LONDON.- Having been championed in Saatchis Newspeak: British Art Now, Jonathan Wateridge has a new solo exhibition showcasing a series made up of 7 mammoth works.
Another Place consists of a series of seven large oil paintings, each 3m x 4m, depicting scenes from the production and narrative of a fictional American film that is centred on an unseen catastrophic event.
The production process of the paintings is in itself redolent of film‐making. Prior to the first marks on canvas, scale model sets are built, props fabricated, costumes made and performers cast in each role.
Executed in a robust realist manner, the paintings are on the one hand akin to a grand historical cycle and on the other, a playful study of genre structures. But this is serious play, an adult playground role‐play for grown‐ups that has more sober subtexts.

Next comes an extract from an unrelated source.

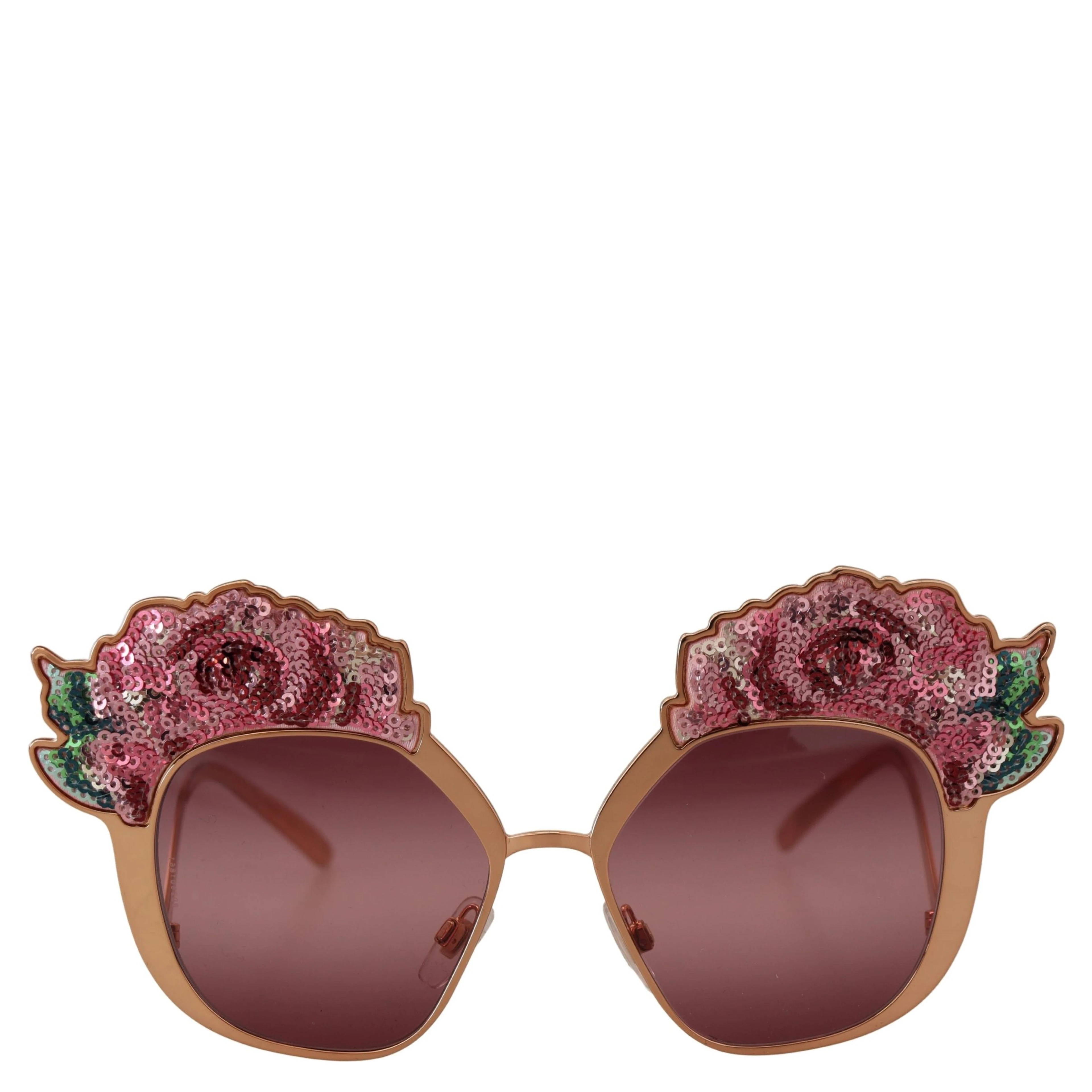 Pink Gold Rose Sequin Embroidery DG2202 Sunglasses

A sense of unease and disquiet pervades the scenes and though each picture relates to the disaster, there is only one explicitly catastrophic image: a section of an overpass or directional interchange that has collapsed onto the ground below.
The theme of divided strata runs throughout the series. This is represented by certain motifs such as the division caused by the collapsed highway, or within the work's fictional cityscape: the relationship between hillside and valley living and its connotations of class and economy.
Another central facet of the pictures is an exploration of their status as a construct. These paintings are elaborate fictions but with visible seams. Schisms within the work are created by blurring the boundaries between the narrative and the production process. Within this alternate reality, the series exploits the different angles from which you can approach the paintings and establishes a Brechtian sense of defamiliarisation and estrangement.
The paintings draw you in and establish a genuine, though uncanny, relationship with the figures depicted, which, like a ventriloquial movement of the lips, is then disturbed by revealing the underlying construction.
The subtle dislocations within the narrative of each image emphasise a notion of intrinsic remove. Ultimately, in a world awash with the consumption of received and generic imagery, everything occurs to someone else and in another place.